Quantum phase-field model: vortices and THz-induced gap dynamics in superconductors
Abstract
The ability to simulate the spatial and temporal ordering dynamics of quantum phases in inhomogeneous systems, particularly in the low-temperature regime, is crucial for understanding condensate physics and for enabling emerging device technologies. However, fully microscopic kinetic approaches are often computationally prohibitive for macroscopic spatiotemporal simulations in realistic device geometries, while the widely used phenomenological Ginzburg-Landau formulation is, in principle, valid only near the critical transition temperature Tc and becomes inaccurate in the technologically relevant low-temperature regime. To describe the dynamics of quantum phase ordering, we propose a phase-field formulation derived from a microscopic many-body description using the superconducting order as an example.
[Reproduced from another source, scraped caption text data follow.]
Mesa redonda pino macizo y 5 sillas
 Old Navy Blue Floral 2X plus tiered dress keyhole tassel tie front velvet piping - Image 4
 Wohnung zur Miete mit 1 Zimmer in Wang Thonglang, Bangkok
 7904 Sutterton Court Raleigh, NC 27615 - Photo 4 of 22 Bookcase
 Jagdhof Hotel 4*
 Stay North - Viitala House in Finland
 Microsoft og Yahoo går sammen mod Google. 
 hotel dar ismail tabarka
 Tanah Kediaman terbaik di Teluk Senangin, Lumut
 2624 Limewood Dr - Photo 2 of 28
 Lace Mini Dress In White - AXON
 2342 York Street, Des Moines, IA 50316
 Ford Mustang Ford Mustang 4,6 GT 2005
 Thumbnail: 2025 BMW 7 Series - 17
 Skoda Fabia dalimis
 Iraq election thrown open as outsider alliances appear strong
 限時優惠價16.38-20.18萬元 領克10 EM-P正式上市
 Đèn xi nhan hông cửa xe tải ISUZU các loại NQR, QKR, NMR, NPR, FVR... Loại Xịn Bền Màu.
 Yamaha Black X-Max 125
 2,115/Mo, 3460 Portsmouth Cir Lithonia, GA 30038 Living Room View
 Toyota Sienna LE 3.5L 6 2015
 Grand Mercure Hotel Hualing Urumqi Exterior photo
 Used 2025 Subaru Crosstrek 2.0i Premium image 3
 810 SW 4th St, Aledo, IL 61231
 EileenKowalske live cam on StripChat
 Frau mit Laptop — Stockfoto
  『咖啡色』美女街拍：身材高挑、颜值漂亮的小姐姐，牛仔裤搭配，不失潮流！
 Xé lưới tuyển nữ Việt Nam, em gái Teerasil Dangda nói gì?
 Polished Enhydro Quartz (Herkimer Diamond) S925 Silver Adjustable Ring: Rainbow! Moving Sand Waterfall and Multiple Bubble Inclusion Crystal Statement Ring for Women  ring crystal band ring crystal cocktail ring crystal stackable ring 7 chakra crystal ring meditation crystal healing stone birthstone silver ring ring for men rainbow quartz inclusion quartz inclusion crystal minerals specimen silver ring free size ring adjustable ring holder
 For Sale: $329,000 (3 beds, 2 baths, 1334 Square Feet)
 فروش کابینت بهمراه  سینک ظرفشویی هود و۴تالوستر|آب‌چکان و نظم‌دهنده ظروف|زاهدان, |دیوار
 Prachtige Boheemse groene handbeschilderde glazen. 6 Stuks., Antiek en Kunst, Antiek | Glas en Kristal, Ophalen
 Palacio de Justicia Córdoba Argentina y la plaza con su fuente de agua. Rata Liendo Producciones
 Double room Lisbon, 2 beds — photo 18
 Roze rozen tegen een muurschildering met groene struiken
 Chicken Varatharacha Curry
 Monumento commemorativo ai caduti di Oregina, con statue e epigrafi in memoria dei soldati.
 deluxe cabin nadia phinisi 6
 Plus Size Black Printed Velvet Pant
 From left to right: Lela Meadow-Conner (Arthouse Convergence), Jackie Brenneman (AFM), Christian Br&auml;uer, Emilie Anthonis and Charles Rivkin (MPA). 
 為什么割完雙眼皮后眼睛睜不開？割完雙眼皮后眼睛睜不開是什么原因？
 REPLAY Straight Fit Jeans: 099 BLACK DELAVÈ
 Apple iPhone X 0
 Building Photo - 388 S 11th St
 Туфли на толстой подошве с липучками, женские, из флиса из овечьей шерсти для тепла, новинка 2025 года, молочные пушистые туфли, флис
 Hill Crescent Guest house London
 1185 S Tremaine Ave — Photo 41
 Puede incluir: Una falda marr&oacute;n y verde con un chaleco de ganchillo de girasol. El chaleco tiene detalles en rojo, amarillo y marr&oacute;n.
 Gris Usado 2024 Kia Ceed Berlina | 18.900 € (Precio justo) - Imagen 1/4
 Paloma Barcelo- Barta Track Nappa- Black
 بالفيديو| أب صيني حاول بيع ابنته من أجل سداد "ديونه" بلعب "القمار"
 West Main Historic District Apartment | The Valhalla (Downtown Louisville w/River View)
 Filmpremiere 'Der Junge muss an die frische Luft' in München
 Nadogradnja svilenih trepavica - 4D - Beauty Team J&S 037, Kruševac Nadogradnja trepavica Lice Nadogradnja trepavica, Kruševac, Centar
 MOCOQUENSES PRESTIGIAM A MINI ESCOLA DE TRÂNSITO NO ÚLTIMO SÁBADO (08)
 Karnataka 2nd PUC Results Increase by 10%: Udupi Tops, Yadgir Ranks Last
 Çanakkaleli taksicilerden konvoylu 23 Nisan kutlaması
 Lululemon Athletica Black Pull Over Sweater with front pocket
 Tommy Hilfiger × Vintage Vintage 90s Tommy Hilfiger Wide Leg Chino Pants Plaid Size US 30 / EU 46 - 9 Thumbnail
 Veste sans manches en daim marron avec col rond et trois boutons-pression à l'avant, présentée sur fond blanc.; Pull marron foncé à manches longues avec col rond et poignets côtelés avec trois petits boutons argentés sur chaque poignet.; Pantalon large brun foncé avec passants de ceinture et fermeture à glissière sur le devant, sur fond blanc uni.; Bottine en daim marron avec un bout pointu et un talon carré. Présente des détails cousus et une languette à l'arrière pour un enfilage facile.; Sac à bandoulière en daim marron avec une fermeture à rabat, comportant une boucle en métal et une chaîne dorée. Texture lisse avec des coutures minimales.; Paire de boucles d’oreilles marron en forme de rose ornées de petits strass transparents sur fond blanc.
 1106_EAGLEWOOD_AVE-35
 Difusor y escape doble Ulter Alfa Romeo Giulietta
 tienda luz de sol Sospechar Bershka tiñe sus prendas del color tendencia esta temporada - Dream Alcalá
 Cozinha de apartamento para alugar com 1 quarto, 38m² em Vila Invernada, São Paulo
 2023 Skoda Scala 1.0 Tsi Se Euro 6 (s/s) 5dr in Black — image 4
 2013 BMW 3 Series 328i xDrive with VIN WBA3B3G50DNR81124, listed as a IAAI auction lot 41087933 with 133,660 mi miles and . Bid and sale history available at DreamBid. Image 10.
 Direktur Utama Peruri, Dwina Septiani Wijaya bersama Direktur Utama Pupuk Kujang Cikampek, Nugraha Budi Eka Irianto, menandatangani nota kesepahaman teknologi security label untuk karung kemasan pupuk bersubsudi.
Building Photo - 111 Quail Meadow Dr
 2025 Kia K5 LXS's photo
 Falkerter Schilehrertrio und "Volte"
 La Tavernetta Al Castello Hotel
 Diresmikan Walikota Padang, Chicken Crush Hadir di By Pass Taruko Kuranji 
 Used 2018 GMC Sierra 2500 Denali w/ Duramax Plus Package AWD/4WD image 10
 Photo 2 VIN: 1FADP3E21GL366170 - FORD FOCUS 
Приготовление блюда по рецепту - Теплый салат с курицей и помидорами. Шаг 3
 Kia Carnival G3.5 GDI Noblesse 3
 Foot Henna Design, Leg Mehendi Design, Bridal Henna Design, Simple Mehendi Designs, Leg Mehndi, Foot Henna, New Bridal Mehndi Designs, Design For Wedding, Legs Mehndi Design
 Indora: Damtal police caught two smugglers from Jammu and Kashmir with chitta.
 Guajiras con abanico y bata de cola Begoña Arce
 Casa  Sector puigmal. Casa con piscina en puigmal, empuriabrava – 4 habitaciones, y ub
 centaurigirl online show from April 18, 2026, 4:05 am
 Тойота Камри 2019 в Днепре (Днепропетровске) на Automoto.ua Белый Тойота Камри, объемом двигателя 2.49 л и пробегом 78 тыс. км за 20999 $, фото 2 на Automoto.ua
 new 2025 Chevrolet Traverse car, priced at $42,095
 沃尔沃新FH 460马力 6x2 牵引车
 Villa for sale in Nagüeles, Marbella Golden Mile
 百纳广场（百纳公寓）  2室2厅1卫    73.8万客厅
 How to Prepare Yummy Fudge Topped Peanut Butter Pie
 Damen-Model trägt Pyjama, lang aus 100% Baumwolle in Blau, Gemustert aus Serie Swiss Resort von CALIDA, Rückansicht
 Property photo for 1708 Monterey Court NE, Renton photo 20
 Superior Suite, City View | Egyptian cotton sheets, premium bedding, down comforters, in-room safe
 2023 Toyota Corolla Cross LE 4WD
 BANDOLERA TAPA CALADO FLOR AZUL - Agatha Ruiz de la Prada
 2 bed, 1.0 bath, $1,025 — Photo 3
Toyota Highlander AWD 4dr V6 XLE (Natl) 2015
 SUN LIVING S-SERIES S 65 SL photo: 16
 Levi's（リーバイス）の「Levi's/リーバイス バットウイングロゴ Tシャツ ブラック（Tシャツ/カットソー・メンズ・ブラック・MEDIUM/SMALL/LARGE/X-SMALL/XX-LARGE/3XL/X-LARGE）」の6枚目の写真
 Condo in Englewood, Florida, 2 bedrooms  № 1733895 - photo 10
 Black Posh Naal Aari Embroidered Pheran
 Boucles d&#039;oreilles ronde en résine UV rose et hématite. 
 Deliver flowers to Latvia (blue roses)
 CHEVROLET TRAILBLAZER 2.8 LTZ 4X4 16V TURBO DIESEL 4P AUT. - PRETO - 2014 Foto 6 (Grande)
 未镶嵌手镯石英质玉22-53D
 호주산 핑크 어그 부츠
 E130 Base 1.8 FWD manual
It leads to a compact dynamical evolution equation for the superconducting order parameter, enabling real-space and real-time simulations of phase ordering dynamics. The simulations successfully capture key dynamical phenomena, including vortex nucleation and motion under static magnetic fields, as well as ultrafast gap oscillations driven by THz fields, over the full temperature range from 0 K up to the critical transition temperature. Beyond superconductivity, this method can be extended to a broad class of quantum condensates and ordered systems, providing a practical computational approach to studying low-temperature ordering dynamics, topological defect evolution, and ultrafast electromagnetic responses of quantum phases in realistic geometries.